Using Macros in Vim

#vim#100DaysToOffload#guide#tech

For a long time, macros in Vim were a huge mystery for me. I knew they existed, but I didn't know how or why you'd use them. A recent task of mine involved replacing the unsafe operator (!!) in a large kotlin codebase with a null-safe operator (?). This game me a good opportunity to learn about macros. This is a snippet I encountered numerous times:

mLeftButton!!.text = "Left"
mLeftButton!!.setOnClickListener(leftListener)
mLeftButton!!.visibility = View.VISIBLE
mRightButton!!.text = "Right"
mRightButton!!.setOnClickListener(rightListener)
mRightButton!!.visibility = View.VISIBLE

You could go ahead and change each line individually, or use the IDEs built in "multi-cursor" tool to save you some work. But, let me show you how I automated this using a Vim-Plugin for Android Studio. Not that the plugin matter, it will work in every Vim-like editor.
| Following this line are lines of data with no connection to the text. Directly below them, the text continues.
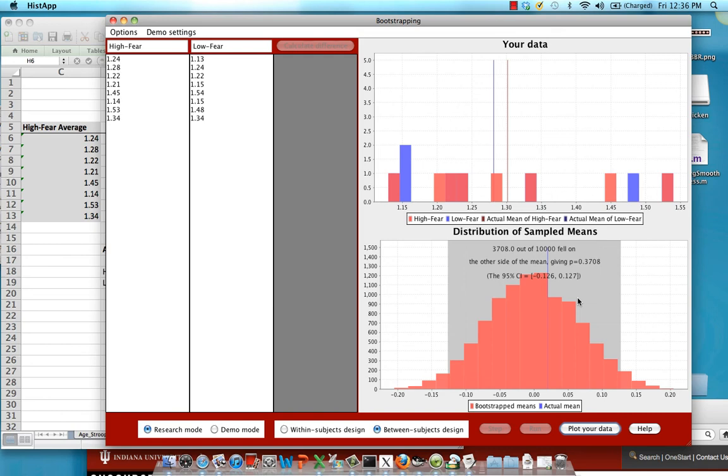Whether they're a high fear or a low fear, it doesn't really matter for their reaction time, collapsed across the levels of both the snake stroop and the neutral stroop.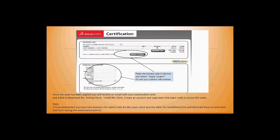Remember, this is specifically for subscription customers and gives you the ability to take one test per subscription year per license. Once you've applied that, you'll receive an email with your examination code and a link that will take you to the testing client.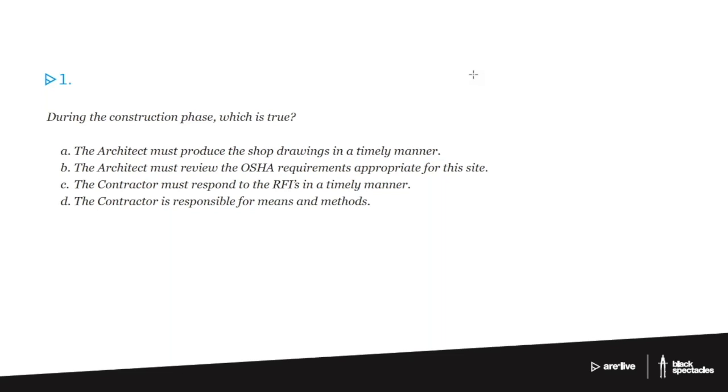So the contractor should be looking at the OSHA requirements for the site. Now, if what this said was the OSHA requirements for the design, then that would be a different question. Because you may be doing a factory or something, and there may well be OSHA requirements for the design process. But if we're talking about the construction site, that's the contractor's world.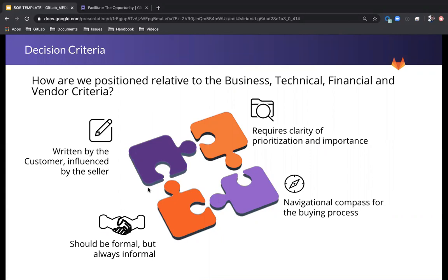We want decision criteria to be tangible and measurable. We want to include things like RFPs, proof of concepts, demos, and test flights.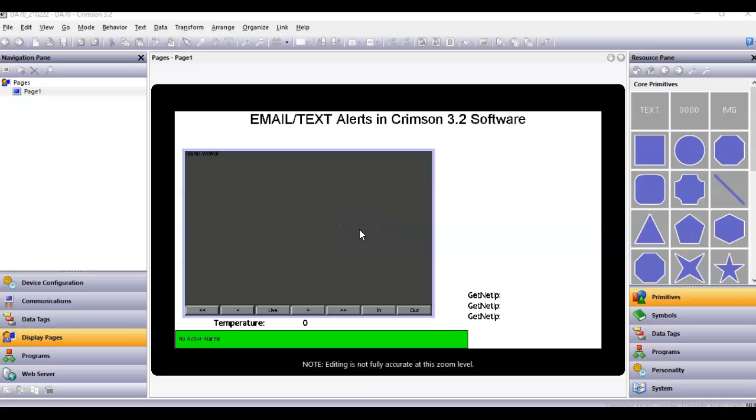Hello there folks, Joe Wazoo here. Today I'm going to talk about how to send out an email or text alert using the new Crimson 3.2 software, which today runs on the DA50 and the DA70 FlexEdge products from RedLine. Things are a little bit different in Crimson 3.2 and 3.1, not much, but a little bit.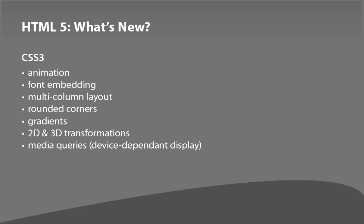CSS has a new version along with HTML, and that's CSS3. This is largely where a lot of the neat stuff in HTML5 has been added. So CSS3 has animation, has a possibility of embedding fonts, which has always been one of the design limitations of the web is that you have to design with the four fonts that everybody has. Well, that's changing over time. Multi-column layout, another big design desire. Rounded corners, gradients.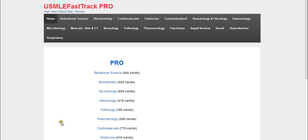Welcome to usmlefasttrack.com. This is a quick video to tell you a little bit more about our USMLE Step 1 flashcards.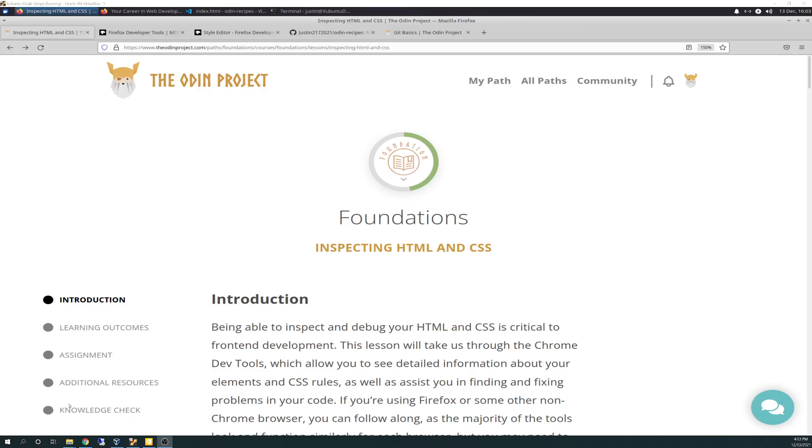Hello there again, friends. Today is 12-13-2021, and today is vlog number day 16 of the Odin project. Today's going to be a short one. We're not going to be hitting the text editor today.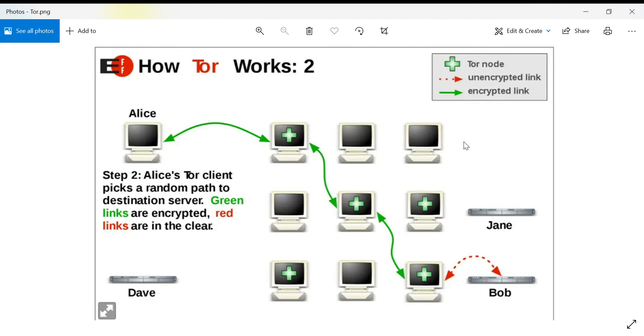Then, it will send the information through multiple nodes, decrypting one layer at a time, hence the Onion name.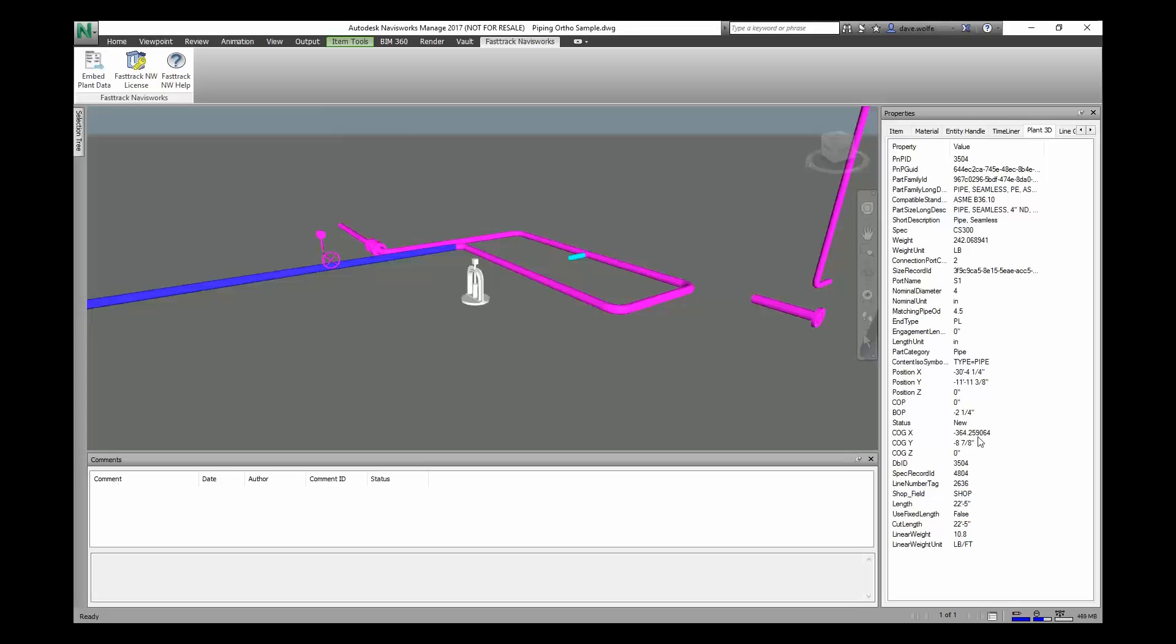Also, we're formatting the units where possible. We have the length. We've also added the COP and BOP as well.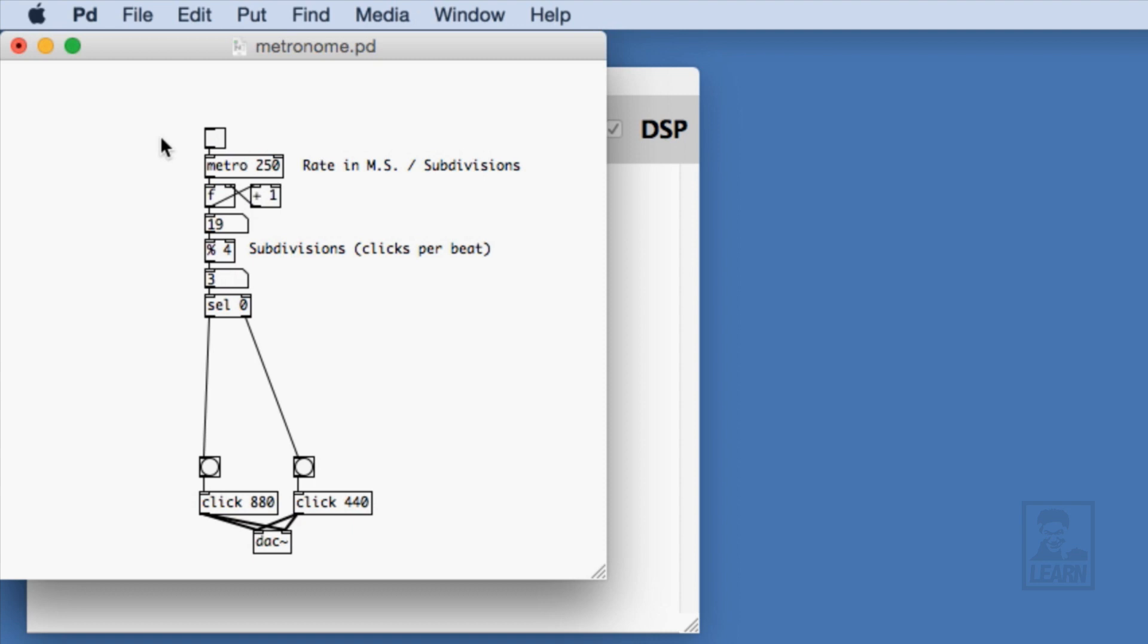But there's a catch here. It isn't really reasonable for us to hard patch the rate and the subdivision into the metro and the modulo objects. Instead, we need to patch a solution that will automatically calculate this information in order to accurately drive the timing mechanism and produce the correct high and low clicks. We'll take a look at how to do this in the next movie.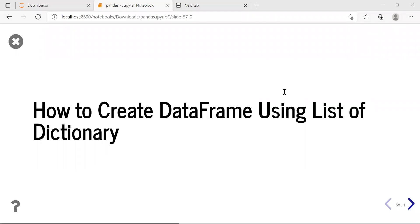Hello internet, Parag Dhawan here. In this video, we will see how to create a DataFrame using a list of dictionaries.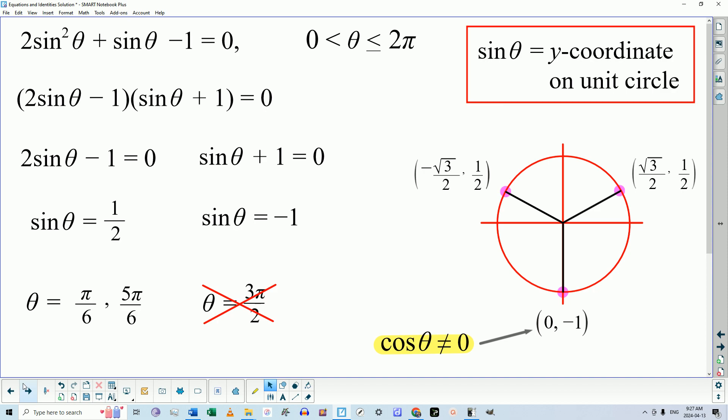That tells us there are only two solutions in the domain from 0 to 2π: π/6 and 5π/6. I hope that was helpful to anybody watching and to all of my students. This is a typical question you would expect to see on an exam, and we do have an exam coming up next week. This could be a written response question for three marks, a multiple choice question, or a numerical response question. Anyway, I hope that was helpful. Talk to everybody later. Take care.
A macro in Vim works like this:

  1. Record any sequence of keystrokes and assign them to a key
  2. Execute that sequence as often as you wish

So let's see how we'd do that.

Recording a macro

To record a macro in Vim, you press q (In normal mode) followed by a key you want to assign the macro to. So, if you wanted to record a macro and save it to the q key, you'd press qq. Vim will notify you that a macro is being recorded. Now, you can press the keystrokes that define your actions. When you're done, press q in normal mode again to quit your macro.

Coming back to my task, I would want to do the following:

  1. qq Record a macro and save it to the q key
  2. _ - Jump to the beginning of the line
  3. f! - Find next occurrence of !
  4. cw - Change word (Delete word and enter insert mode)
  5. ?. - Insert the new characters
  6. <esc> - Enter normal mode
  7. j - go down a line
  8. q - Finish macro

If everything went right, this line:

mLeftButton!!.text = "Left"

Should now look like this:

mLeftButton?.text = "Left"

and your macro should be saved under the q key.

Using the macro

In order to use a macro in vim, you press the @ key, followed by the key the macro is saved under. Since our macro is defined as q, we'd press @q, and the macro is executed immediately.

Let's take this further. You might have noticed that I went down a line before closing the macro. This becomes handy when you want to execute it many times. In our case we have 6 lines we want to refactor. 1 line has already been altered, so we have to execute it 5 more times. As per usual with vim, you can execute an action n times by specifying a number before doing the action. Let's press 5@q to execute the macro 5 times. And voila! Our unsafe code is now null-safe.

mLeftButton?.text = "Left"
mLeftButton?.setOnClickListener(leftListener)
mLeftButton?.visibility = View.VISIBLE
mRightButton?.text = "Right"
mRightButton?.setOnClickListener(rightListener)
mRightButton?.visibility = View.VISIBLE

Macros are really satisfying to watch, if you ask me!

This is post 007 of #100DaysToOffload.